A significant between-group effect for thalamic volume was found with total brain volume as covariant (
figure 1). Thalamic volumes in the affected siblings were smaller than those in the comparison group (t=4.1, df=46, p<0.001, independent t test). Moreover, thalamic volumes of the healthy siblings were smaller than those in the comparison group (t=2.1, df=46, p<0.05, independent t test) but larger than those in their affected siblings (t=2.6, df=15, p=0.02, paired t test). The left thalamus was smaller than the right (F=63.8, df=1, 61, p<0.001), but no significant interaction effect between group and side was found. There were no effects of sex on the thalamic volume measurements.
A significant difference in total brain volume was found by using intracranial volume as covariant (F=4.8, df=2, 60, p=0.01): the patients had significantly smaller volumes than their healthy siblings (t=2.3, df=60, p=0.03) and the comparison subjects (t=3.0, df=60, p=0.01). No difference in brain volume was found between healthy siblings and the normal comparison subjects (t=0.4, df=60, p=0.70).
DISCUSSION
This study reports an abnormal decrease in thalamic volume in schizophrenic patients, which was also found to a lesser extent in their healthy siblings. The smallest thalamic volumes were found in the siblings affected with schizophrenia. The thalamic volumes of their healthy siblings, who are at greater risk for developing schizophrenia, were of intermediate size, whereas the largest thalamic volumes were found in the normal comparison group. This suggests that thalamic volume may be related to a genetic liability to develop schizophrenia. After correction for intracranial volume, differences in total brain volumes were also found. However, in contrast to the differences in thalamic volumes, brain volumes of the healthy siblings were similar to those of normal comparison subjects; only the affected siblings showed smaller brain volumes. Perhaps the decreased brain volume in our patients may be secondary to the pathophysiology of schizophrenia or the result of additional environmental effects rather than related to genotype.

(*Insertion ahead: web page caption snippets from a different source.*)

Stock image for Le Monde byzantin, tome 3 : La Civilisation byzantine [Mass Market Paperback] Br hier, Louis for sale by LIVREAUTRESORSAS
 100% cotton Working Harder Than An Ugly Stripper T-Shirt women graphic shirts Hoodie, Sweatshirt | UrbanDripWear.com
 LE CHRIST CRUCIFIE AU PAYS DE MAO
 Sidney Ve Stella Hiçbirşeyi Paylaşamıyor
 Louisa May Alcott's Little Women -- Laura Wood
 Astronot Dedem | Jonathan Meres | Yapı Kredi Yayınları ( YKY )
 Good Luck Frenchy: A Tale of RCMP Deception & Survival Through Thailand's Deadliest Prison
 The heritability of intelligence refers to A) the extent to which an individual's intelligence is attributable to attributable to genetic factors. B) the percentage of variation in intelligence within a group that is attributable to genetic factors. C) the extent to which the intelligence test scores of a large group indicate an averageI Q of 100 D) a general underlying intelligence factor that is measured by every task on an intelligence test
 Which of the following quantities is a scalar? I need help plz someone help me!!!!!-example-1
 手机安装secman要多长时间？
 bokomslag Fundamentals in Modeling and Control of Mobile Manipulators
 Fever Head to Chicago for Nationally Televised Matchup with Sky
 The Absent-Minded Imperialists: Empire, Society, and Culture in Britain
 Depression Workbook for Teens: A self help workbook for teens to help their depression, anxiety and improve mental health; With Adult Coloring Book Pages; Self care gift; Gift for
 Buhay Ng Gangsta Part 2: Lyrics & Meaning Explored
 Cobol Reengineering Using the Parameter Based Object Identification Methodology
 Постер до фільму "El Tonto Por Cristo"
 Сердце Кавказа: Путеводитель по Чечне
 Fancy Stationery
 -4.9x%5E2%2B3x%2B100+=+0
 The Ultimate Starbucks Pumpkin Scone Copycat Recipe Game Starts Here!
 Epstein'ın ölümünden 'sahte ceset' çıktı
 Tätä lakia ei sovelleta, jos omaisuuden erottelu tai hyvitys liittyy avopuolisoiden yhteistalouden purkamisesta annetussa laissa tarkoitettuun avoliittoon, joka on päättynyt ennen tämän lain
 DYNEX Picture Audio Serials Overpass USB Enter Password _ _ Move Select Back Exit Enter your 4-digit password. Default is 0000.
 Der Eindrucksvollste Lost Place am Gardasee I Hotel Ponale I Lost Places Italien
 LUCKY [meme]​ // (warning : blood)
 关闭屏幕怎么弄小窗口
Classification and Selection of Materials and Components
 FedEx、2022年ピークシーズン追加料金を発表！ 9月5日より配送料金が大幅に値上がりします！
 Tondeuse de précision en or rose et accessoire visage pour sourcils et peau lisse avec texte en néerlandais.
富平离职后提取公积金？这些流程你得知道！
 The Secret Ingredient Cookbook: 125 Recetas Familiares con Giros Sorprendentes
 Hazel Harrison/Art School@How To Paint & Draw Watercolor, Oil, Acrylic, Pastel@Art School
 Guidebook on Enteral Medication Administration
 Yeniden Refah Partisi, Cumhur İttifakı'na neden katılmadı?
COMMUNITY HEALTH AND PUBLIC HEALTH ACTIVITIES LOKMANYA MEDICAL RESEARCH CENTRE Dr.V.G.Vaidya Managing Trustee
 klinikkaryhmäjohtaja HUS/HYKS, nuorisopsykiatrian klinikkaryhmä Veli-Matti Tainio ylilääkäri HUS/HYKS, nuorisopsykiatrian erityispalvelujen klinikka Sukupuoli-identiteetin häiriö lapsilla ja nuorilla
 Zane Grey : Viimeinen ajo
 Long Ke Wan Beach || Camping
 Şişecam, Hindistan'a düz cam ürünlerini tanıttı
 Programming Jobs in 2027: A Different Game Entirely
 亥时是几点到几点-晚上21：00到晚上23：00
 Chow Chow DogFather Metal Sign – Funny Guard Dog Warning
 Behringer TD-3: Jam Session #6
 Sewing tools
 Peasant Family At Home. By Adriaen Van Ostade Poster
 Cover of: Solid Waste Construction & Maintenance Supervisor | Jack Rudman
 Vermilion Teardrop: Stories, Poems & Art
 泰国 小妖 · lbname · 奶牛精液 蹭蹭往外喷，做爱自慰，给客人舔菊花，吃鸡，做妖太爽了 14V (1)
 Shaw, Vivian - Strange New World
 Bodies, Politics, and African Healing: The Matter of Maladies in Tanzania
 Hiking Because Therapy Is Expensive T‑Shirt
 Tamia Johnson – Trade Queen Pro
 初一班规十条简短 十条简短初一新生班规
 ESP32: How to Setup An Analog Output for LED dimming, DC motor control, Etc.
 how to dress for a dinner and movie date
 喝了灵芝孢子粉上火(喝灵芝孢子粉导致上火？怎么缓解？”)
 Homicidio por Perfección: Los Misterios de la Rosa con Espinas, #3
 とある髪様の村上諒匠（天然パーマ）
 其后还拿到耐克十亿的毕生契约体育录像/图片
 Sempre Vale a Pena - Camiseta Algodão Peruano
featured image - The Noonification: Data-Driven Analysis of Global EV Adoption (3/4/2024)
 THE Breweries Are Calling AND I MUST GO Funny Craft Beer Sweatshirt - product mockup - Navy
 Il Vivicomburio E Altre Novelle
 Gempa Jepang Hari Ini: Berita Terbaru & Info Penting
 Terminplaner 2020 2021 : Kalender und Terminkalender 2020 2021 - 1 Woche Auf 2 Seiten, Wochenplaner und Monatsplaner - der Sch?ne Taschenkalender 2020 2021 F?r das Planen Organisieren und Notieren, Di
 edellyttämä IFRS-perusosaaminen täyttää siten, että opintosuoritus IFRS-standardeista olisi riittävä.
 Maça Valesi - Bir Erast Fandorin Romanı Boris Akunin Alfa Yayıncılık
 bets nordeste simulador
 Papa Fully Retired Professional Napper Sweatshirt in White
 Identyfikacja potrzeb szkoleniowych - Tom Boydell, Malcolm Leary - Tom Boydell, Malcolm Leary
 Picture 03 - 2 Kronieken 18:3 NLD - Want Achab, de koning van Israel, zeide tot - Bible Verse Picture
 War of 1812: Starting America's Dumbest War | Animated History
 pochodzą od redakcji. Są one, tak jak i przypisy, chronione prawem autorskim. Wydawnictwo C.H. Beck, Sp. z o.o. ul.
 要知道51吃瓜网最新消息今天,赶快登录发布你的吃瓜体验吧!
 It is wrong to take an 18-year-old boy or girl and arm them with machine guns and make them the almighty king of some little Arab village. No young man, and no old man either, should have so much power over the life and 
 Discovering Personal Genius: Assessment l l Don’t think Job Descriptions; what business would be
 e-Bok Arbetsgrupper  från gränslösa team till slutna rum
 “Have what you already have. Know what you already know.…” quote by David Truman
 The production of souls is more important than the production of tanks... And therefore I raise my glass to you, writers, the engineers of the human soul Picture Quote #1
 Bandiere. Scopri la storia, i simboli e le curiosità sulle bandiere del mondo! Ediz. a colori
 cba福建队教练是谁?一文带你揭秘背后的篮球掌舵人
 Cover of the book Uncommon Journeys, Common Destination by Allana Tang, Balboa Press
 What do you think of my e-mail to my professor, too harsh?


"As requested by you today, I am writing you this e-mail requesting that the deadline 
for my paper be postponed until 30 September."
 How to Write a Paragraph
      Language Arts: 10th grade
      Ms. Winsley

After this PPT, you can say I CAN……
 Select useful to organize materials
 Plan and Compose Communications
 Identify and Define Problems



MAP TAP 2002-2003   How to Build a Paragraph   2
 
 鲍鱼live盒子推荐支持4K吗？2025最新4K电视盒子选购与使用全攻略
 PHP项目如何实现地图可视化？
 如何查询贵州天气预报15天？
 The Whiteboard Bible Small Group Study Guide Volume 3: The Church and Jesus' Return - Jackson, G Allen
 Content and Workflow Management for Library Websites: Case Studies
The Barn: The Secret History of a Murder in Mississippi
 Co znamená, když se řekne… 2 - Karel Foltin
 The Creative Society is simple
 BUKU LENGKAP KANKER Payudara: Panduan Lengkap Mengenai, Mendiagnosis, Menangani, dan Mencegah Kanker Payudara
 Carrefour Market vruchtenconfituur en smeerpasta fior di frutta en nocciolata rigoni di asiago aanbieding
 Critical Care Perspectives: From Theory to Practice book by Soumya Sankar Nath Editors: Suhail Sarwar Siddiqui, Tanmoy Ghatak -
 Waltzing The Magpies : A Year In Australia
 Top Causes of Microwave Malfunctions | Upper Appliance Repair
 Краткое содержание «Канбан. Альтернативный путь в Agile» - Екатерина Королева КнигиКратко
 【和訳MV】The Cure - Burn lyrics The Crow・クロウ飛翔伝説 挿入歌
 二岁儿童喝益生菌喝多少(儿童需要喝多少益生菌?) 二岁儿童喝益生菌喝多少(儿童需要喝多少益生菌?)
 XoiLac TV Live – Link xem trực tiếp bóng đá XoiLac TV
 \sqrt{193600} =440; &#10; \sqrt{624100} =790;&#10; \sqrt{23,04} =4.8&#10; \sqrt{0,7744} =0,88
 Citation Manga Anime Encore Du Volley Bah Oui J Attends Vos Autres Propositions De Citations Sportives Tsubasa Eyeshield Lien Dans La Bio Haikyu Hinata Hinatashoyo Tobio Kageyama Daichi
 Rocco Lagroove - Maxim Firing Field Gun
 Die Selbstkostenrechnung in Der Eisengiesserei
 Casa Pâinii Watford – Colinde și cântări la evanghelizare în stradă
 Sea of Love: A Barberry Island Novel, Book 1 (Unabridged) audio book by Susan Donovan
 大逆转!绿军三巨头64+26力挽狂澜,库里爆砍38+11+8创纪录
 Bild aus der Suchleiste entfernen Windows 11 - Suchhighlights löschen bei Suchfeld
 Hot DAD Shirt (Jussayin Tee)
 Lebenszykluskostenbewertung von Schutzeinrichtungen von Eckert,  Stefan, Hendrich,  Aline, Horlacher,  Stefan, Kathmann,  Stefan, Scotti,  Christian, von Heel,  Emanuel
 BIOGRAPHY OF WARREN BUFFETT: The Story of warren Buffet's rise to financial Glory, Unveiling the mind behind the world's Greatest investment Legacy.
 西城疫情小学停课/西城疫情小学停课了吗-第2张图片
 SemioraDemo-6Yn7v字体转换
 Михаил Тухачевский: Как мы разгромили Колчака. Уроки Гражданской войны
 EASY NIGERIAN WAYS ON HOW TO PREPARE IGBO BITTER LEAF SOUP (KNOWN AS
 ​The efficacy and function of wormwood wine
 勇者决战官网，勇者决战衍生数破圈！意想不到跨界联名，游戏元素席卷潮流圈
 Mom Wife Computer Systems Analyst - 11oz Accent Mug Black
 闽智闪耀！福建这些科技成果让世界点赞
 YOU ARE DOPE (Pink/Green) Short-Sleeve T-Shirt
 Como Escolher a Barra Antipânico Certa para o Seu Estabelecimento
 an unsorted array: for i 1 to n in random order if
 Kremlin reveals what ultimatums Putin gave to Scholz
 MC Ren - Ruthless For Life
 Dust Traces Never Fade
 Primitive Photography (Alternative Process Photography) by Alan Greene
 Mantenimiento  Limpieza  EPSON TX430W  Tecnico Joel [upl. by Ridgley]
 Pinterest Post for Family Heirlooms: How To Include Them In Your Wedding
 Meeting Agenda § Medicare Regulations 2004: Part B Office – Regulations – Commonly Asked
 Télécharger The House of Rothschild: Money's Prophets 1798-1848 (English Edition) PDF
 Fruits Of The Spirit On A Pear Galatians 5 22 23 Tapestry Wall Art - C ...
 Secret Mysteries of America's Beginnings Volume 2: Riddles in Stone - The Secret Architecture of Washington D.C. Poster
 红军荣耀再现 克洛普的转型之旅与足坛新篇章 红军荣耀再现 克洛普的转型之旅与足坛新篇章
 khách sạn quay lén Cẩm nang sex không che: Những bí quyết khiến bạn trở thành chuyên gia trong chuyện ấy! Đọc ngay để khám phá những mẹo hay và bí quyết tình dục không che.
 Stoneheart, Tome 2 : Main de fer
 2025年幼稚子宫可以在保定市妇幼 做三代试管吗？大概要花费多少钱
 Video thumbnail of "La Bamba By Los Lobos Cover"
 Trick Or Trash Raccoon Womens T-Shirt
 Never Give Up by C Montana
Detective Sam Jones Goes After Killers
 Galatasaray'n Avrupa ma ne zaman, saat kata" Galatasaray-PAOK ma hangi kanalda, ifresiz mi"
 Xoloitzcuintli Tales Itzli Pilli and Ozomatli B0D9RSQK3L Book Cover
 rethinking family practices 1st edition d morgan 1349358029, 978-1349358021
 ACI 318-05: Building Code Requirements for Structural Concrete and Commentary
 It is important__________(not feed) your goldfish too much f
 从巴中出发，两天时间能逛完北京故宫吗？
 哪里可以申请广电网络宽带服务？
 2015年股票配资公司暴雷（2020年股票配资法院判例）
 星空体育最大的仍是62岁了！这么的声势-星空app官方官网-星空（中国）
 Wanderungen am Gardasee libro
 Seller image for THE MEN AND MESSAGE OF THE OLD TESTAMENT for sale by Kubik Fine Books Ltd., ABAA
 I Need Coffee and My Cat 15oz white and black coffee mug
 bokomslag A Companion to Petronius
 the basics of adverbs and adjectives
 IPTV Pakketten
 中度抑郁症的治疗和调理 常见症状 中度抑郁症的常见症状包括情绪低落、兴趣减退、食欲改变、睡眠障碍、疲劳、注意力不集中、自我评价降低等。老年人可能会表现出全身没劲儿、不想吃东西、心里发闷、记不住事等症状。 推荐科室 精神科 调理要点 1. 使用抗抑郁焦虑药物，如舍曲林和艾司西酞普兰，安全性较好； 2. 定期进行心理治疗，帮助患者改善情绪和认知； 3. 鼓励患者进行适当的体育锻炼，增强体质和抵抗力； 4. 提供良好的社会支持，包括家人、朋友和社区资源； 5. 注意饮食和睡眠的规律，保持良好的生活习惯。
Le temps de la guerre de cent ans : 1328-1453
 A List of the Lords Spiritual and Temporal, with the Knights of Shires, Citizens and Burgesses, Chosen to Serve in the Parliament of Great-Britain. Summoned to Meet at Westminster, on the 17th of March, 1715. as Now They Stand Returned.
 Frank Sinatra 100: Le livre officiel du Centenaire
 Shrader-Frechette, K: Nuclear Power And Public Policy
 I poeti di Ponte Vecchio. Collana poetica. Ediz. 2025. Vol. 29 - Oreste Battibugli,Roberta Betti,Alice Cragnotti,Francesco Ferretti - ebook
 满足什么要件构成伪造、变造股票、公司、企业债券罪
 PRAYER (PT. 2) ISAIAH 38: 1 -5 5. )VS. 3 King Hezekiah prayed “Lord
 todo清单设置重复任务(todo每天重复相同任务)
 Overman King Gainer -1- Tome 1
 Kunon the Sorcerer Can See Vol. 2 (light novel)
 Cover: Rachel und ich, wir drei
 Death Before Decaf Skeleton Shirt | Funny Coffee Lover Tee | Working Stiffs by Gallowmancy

Several explanations for the partial decrease in thalamic volume in the healthy siblings of schizophrenic patients may be contemplated. If an interaction of several genes is necessary to develop schizophrenia (
2), then an incomplete number of such genes might result in partial thalamic volume decrease. Alternatively, environmental factors (e.g., obstetric complications or viral infections) combined with a genetic constitution for developing schizophrenia may be necessary to result in a complete thalamic volume loss that would not have been present without these risk factors.
The strength of this study is that it relates thalamic volume decrease to kinship with schizophrenic patients in healthy siblings. However, a larger number of subjects is required to draw more definitive conclusions. Future family studies with larger numbers of subjects may provide the necessary statistical power to confirm our findings.